Crash - Nigel Farage on LBC

Last week, I posited that there was a seminal moment on BBC Question Time when, however slowly, the wheels finally began to come off Nigel Farage's bandwagon.

Yesterday, in a live broadcast interview with LBC's James O'Brien, the wagon seemed to crash into the rails to the extent that Farage's media aide intervened to try to bring the interview to an end as the UKIP leader's refusal to have his expenses audited was raised. See it all here.

Green Euroelections - Cllr Andrew Cooper, Lead candidate for Yorkshire & The Humber Region

In 2009, Yorkshire & The Humber region saw a rise in the Green Party vote at the European elections, but they were just pipped at the post, as in the North West, by the BNP. Just 1.3% separated the two.

Now, with the BNP imploded - their MEP left the party and set up his own, which is not standing - the Greens are working hard to gain their first seat in the region for the European Parliament. With councillors already elected in Scarborough, Leeds, Bradford, Sheffield, York and Kirklees, they have selected Huddersfield's Cllr Andrew Cooper as the lead candidate. Here he is.

Saturday, 10 May 2014

Green Euroelections - Peter Cranie, Lead candidate for the North West Region

With the polls showing the Greens' support rising, including several now putting them ahead of the junior government party, the Lib Dems, here is Peter Cranie, the lead Green for the North West. Last time round, he lost by barely 0.3% to the BNP leader Nick Griffin. This time...

Thursday, 8 May 2014

"I have no time for you, sir!"

"I have no time for you, sir! None!"
The rejoinder to UKIP's leader Nigel Farage of a particularly eloquent and passionate but controlled member of the BBC's Question Time audience tonight as he dismissed the distortions and half-truths peddled by the populist snake oil salesman. Of course, the BBC has plenty of time for Farage - it was his 29th appearance since 1999, a record by far indeed.
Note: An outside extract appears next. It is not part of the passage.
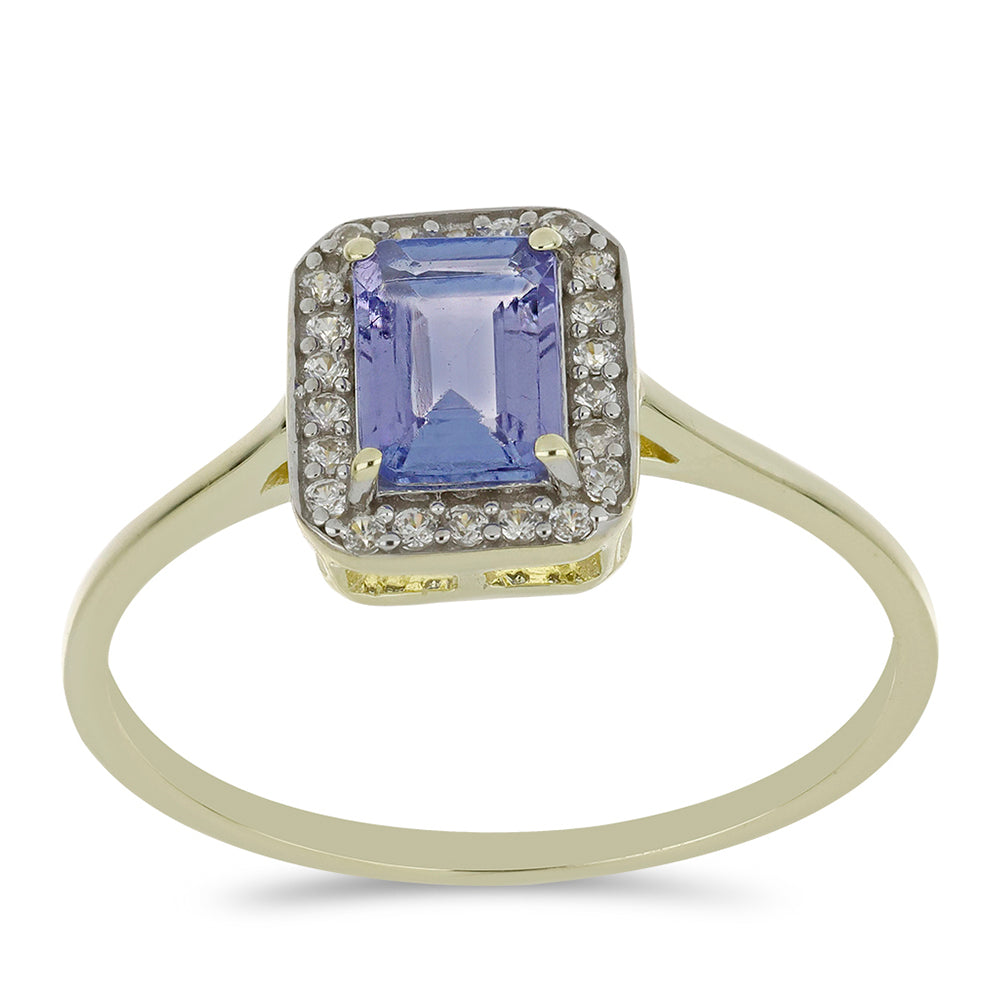 Inel din Aur de 9K ( 1.81 grame ) cu Tanzanit AAA și Zircon Alb Natural 1.15 Carate 3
But tonight, as the needle stuck yet again on Europe Endless, and as Farage even tried to justify his life of taxpayer-funded luxury as some weird sort of crusade, there was a sense of fatigue, of a bubble maybe not bursting, but certainly slowly, even subtly deflating. And the audience member's powerful face-off with the UKIP leader, pointing to how pseudo-patriotic populism has caused wars in Europe, could possibly be Farage's Nick Griffin Moment.  This could be the split-second event, the tipping point, when this over-exposed, hyped-up faux "character" was finally laid as bare and empty as the Emperor's wardrobe for new clothing.

Though of course, Nigel still got away with plenty of fibs - right to the very end where he claimed a presumably UKIP led British government outside of the EU would stop Pfizer's attempted takeover of Astrazeneca. In fact, the truth is UKIP favours a raft of "free trade agreements" which would effectively hand our sovereignty over to the the men in the Boardrooms and at the Directors' tables of multinational corporates. In such a scenario, any government trying to stop such a takeover would likely face being sued for damage to profits by Pfizer, whose right to taxpayer funded compensation would be written into law.

So, as the man said, no more time for Mr Farage. Please.